Exige o acompanhamento efetivo/ supervisão por docente da instituição de ensino e assistente social que exercerá a supervisão no campo de estágio;
A apresentação periódica de relatório das atividades, em prazo não superior a 6 meses;
Impõe que a realização de estágio em desconformidade com a Lei caracteriza vínculo de emprego do/a educando/a com a parte concedente do estágio para todos os fins da legislação trabalhista e previdenciária.

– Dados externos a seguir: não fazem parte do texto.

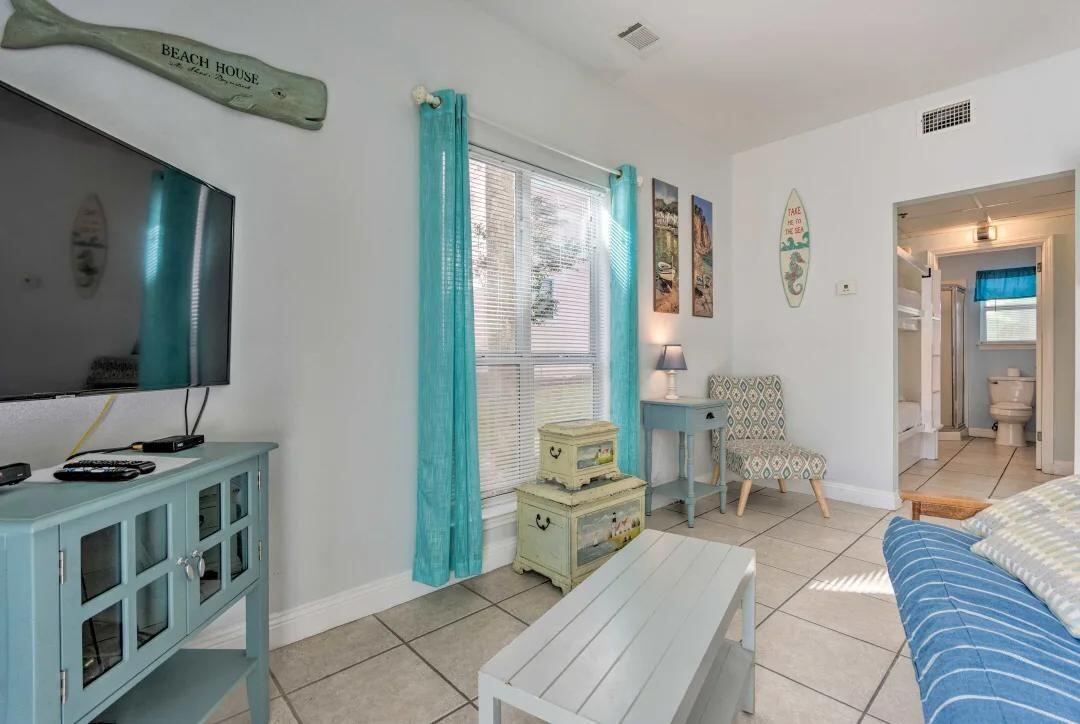 NANTUCKET COTTAGES - Residential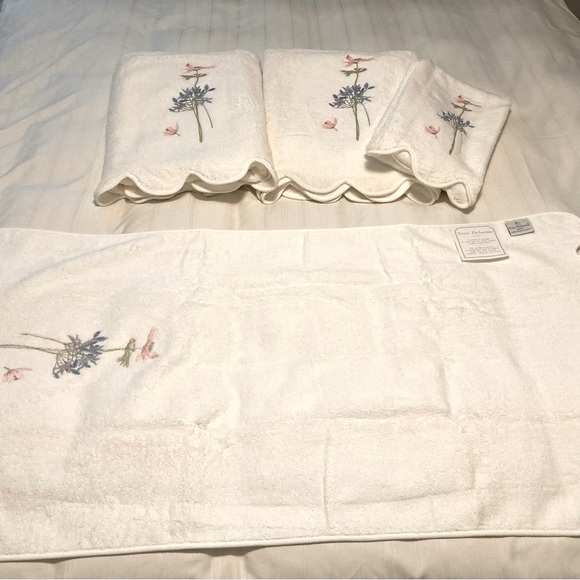 Yves Delores Paris Towel Set White w/Embroidered Floral Pattern Scalloped Edges - Picture 3 of 6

**Em relação à Resolução CFESS 533/2008:
Define supervisão direta de estágio como “atividade privativa da(o) assistente social, em pleno gozo dos seus direitos profissionais, devidamente inscrita(o) no CRESS de sua área de ação, sendo denominado supervisor de campo o assistente social da instituição campo de estágio e supervisor acadêmico o assistente social professor da instituição de ensino”;
Exige que a instituição de ensino informe ao CRESS da jurisdição a relação dos campos credenciados; nome e número de registro no CRESS, de assistentes sociais responsáveis pela supervisão acadêmica e de campo; nome da(o) estagiária(o) e semestre em que está matriculada(o);
Determina prazo de 30 dias para encaminhamento das informações acima, determinando, ainda, procedimentos de averiguação em casos de descumprimento dos prazos;
Exige que o campo de estágio esteja dentro da área do Serviço Social e se garante as condições necessárias, como:
espaço físico adequado, sigilo profissional, equipamentos necessários, disponibilidade do(a) supervisor(a) de campo para acompanhamento presencial da atividade de aprendizagem;
observância da Resolução CFESS 493/2006, que dispõe sobre as “condições éticas e técnicas do exercício profissional do assistente social”;
elaboração conjunta do plano de estágio pelas(os) supervisoras(es) acadêmicas(os) e de campo e pela(o) estagiária(o);
define as competências da(o) supervisora(or) acadêmica(o) e de campo;
define o número de estagiárias(os) por assistente social supervisora(or) de campo, de acordo com a sua carga horária, ou seja, 1 estagiária(o) para cada 10 (dez) horas semanais de trabalho.
Estabelece que a atividade profissional de supervisão direta de estágio, suas condições, bem como a capacidade de estudantes a serem supervisionadas(os), nos termos dos parâmetros técnicos e éticos do Serviço Social, é prerrogativa da(o) profissional assistente social, ou seja, é parte da autonomia profissional, na hipótese de não haver qualquer convenção ou acordo escrito que estabeleça tal obrigação em sua relação de trabalho.
Com base nas exigências acima destacadas, é possível aos CRESS realizarem a orientação e fiscalização da supervisão de estágios de pós-graduação, adotando os procedimentos compatíveis e em consonância com a Política Nacional de Fiscalização do Conjunto CFESS-CRESS.
Considerando, portanto, o conceito de estágio como ato educativo supervisionado, desenvolvido no ambiente de trabalho, que visa à preparação para o trabalho, é razoável que se exija que estágio de pós-graduação seja realizado em área que tenha relação com a área dos estudos pós-graduados em curso.